Air Squared News
Fusion Energy Cost Reduction Study
To accelerate the practical application of nuclear fusion energy, Air Squared is investigating various plating solutions to reduce the cost of tritium-compatible scroll vacuum pumps.
Under the topic Development of Functional Materials for Use in Fusion Reactors,Air Squared has been awarded Phase I Small Business Innovative Research (SBIR) funding through the Department of Energy (DOE) to conduct a tritium containment performance and permeability study. The study will evaluate the effectiveness of using plated aluminum, as an alternative to stainless steel, for compatibility with radioactive tritium.
In 2005, Air Squared began working with Savannah River National Laboratory to design a scroll vacuum pump capable of pumping tritium.

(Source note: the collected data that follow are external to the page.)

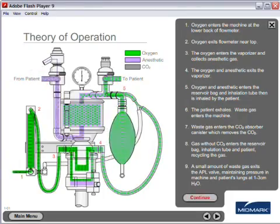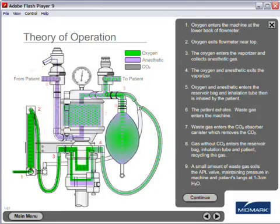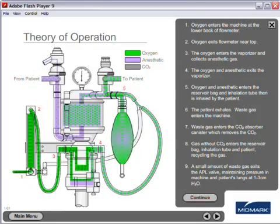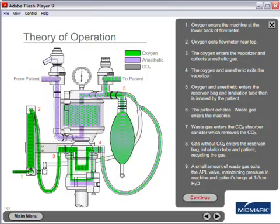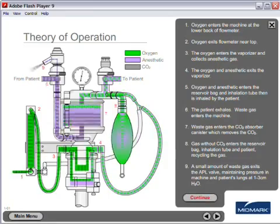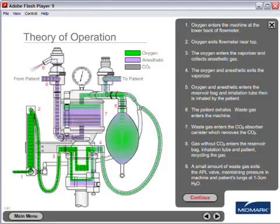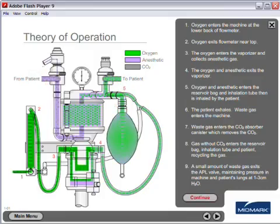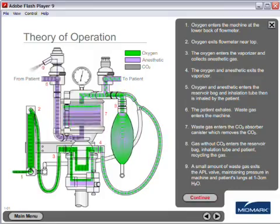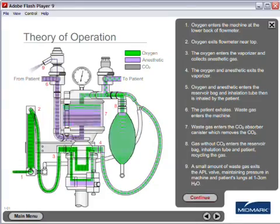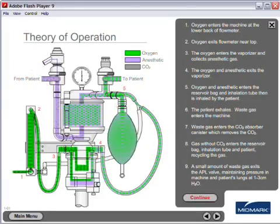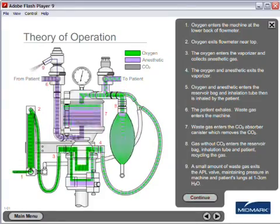Number five, oxygen and anesthetic enters the reservoir bag and inhalation tube, then is inhaled by the patient. Number six, the patient exhales and waste gas enters the machine. Number seven, waste gas enters the CO2 absorber canister which removes the CO2. Number eight, gas without CO2 enters the reservoir bag, inhalation tube and patient, recycling the gas.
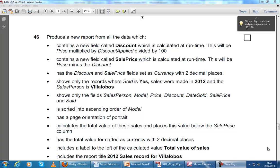This is a walkthrough for the Summer 2012 IGCSE ICT paper. It's Question Paper 2 and we're looking at Question 46.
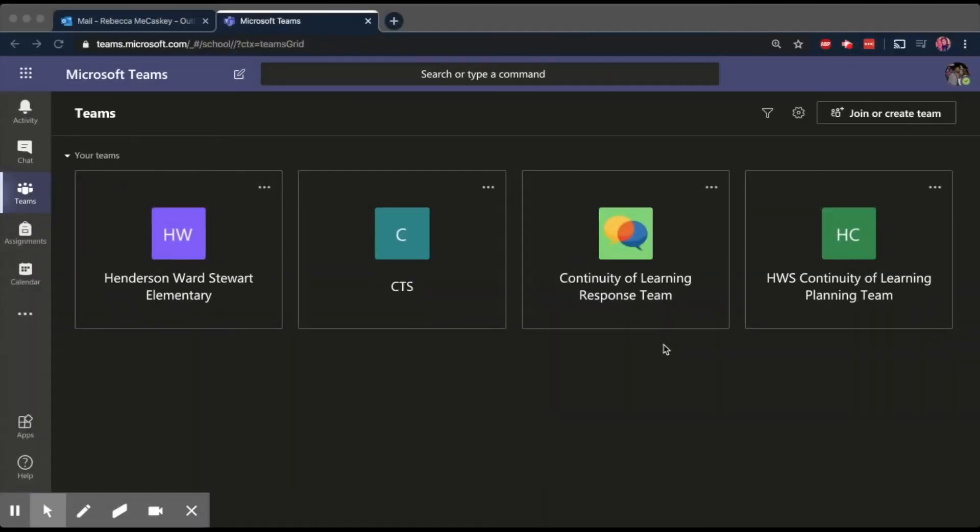Hey everybody, I'm going to show you how to make a voice call or a video call in Microsoft Teams. I'm going to show you how to do it with more than one person because that's when it gets a little bit complicated.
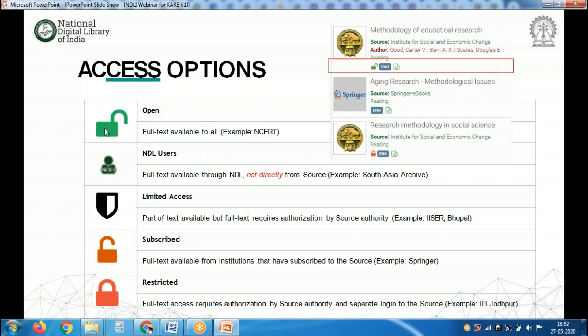Open is denoted by a green lock icon, and NDLI resources are denoted by a man with NDLI written on it — these two denote full-text NDLI resources. Limited access means only part of the text is available; for example, if there is a 100-page article you may have access to only 50 pages. Subscribed access means, for example, if the content is from Springer or IEEE, we only have the metadata.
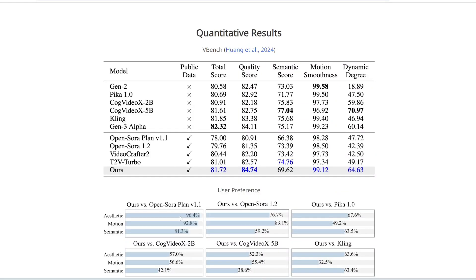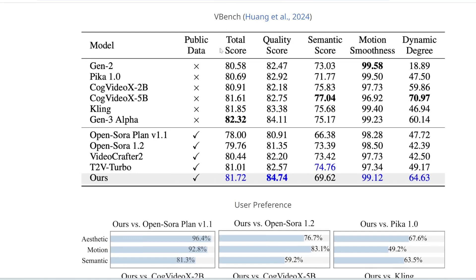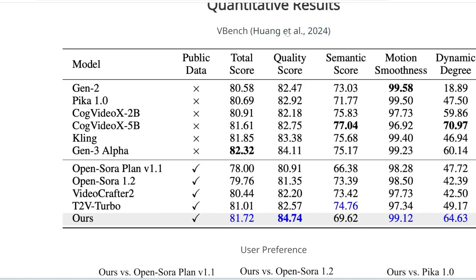Here are the benchmarks. The reason I'm featuring Pyramid Flow and not previous open source video generators is because the previous ones kind of suck. The best one we had before this was Cog Video X5B, which is actually pretty good, but Pyramid Flow is even better. Across all benchmark metrics, the total score is 81.72 — already beating closed-source generators like Runway Gen 2 and Pika 1.0, and very close behind Kling at 81.85 and Gen 3 Alpha at 82.32. Interestingly, in terms of quality it actually scored the highest out of all models.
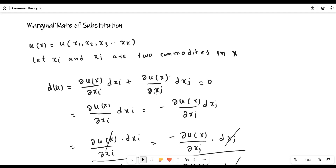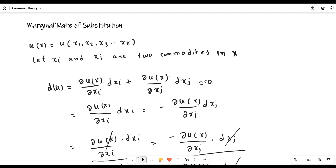So the total differential is the partial derivative with respect to xi times dxi, plus the partial derivative with respect to xj times dxj. If you have increased the units of xi, you have decreased the units of xj. Along the same indifference curve, utility must be constant, so the change in utility equals zero. That is why we set this entire equation equal to zero.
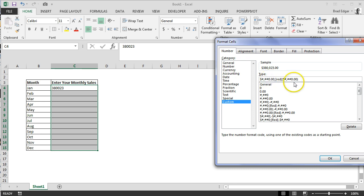We're going to put another semicolon, and then what zeros are displayed as - that's simply going to be zero. Another semicolon, and finally this is what's going to happen if you enter text into a cell. We're going to put 'please enter a number', and that's what's going to give us our formatting.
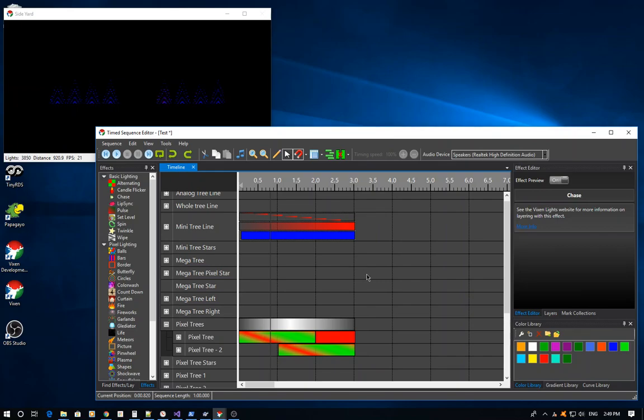So there you can see some of the power of being able to leverage the intensity overlay layering in Vixen 3. Hopefully we'll have some more videos showing the more advanced features of some of the other layering types coming along soon. Thank you.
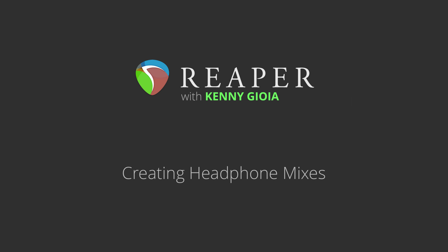Hi, I'm Kenny Gioia. Welcome to another one of my tutorials. In this video, I'm going to show you how to create headphone mixes in Reaper.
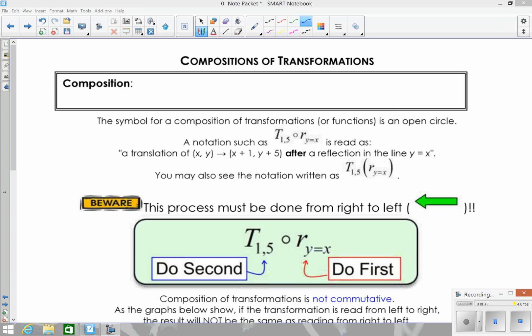In this video, we're going to learn about compositions of transformations. A composition of a function is basically when you have a function inside of a function — the input of one function is another function. So for compositions of transformations, it means you're going to perform two or more transformations back to back, using the results from the first one to perform the second one, and so on.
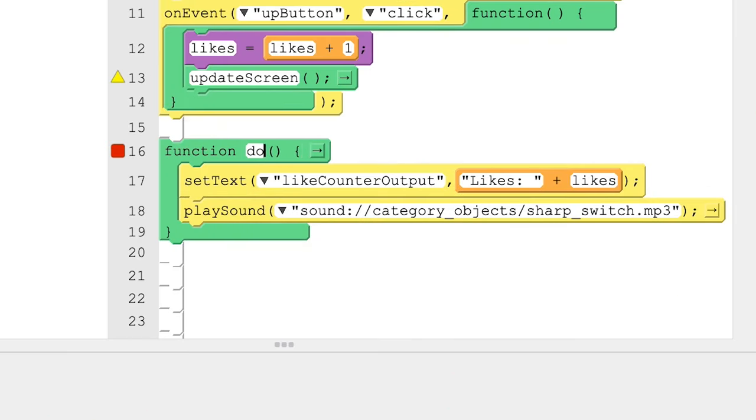You can also see why it's important to give your function a meaningful and descriptive name. If you call it something like do stuff, it'll be unclear what the function is supposed to do and it makes it hard to use in your own code. Giving a function a meaningful name makes it much easier to understand what it does.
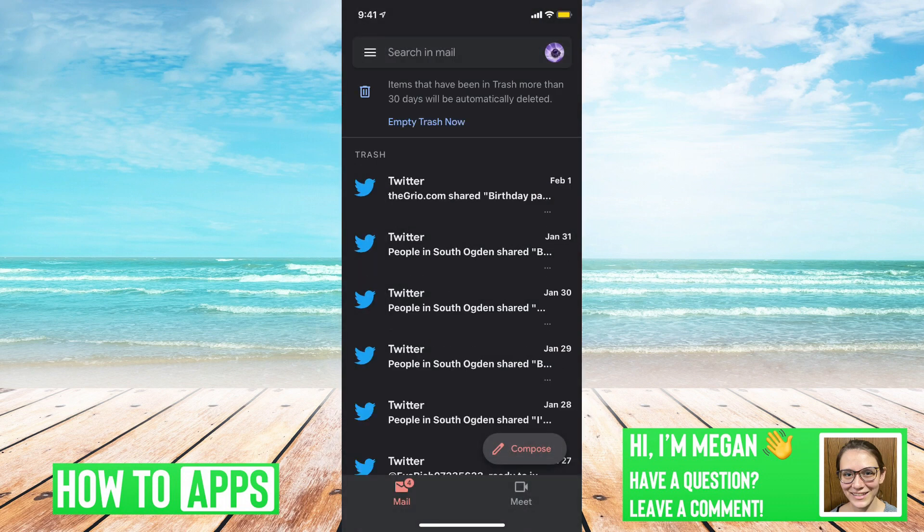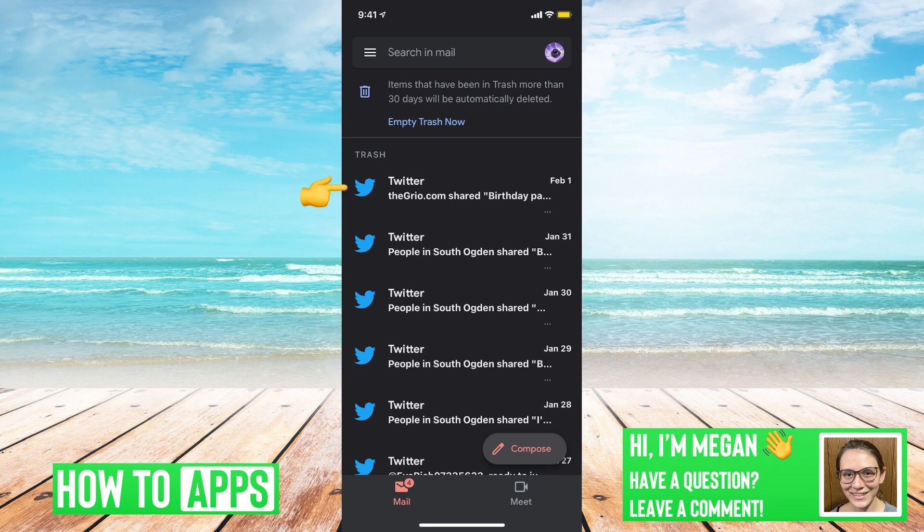And now we need to find the email or emails that we wish to recover. Once you find the email that you want to recover, you are going to long hold on it.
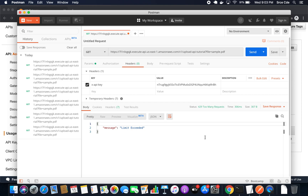Now if I try to invoke this API endpoint a fourth time, it will throw an error. As you can see, it returned 'limit exceeded' because I have utilized all three invocations — all the quota assigned to me as a trial user for the month. That's how you can use usage plans and API keys to limit access. You can create a usage plan and API key, use it in your method, set the quota, and limit access for a given user.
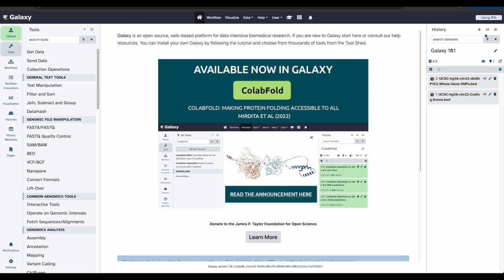Over here on the right side, under the history that we just made, you can see the data uploading. Once it's complete, it will turn green. When the data is ready, we want to rename the data set so that they are easy to find and recognize.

Following over a decade of development, All-Metal Series scroll pumps from Air Squared, such as the V16H034A-AC-H-SS, are now the preferred solution for processing radioactive tritium. With no polymer seals, stainless steel construction, hermetic sealing, and only metallic wetted materials, All-Metal Series scroll pumps are designed specifically for pumping radiated gases between tritium evacuation systems and the magnetic fusion chamber.
Stainless steel is currently the only reliable means to contain radioactive tritium in fusion vacuum trains; however, using the material exclusively adds cost to fusion energy projects, as high-grade stainless steel is more expensive than aluminum and more difficult to machine. The use of cheaper plated materials, such as aluminum, could reduce the cost and simplify the commercialization of critical components used in a fusion reactor.
As part of the Phase I effort, Air Squared will study various methods of plating aluminum and their impact on reliability and cost.
This material is based upon work supported by a Phase I SBIR award by the Department of Energy under the topic: Fusion Materials: Development of Functional Materials for Use in Fusion Reactors. Any opinions, findings, conclusions, or recommendations expressed in this material are those of the author(s) and do not necessarily reflect those of the United States Department of Energy.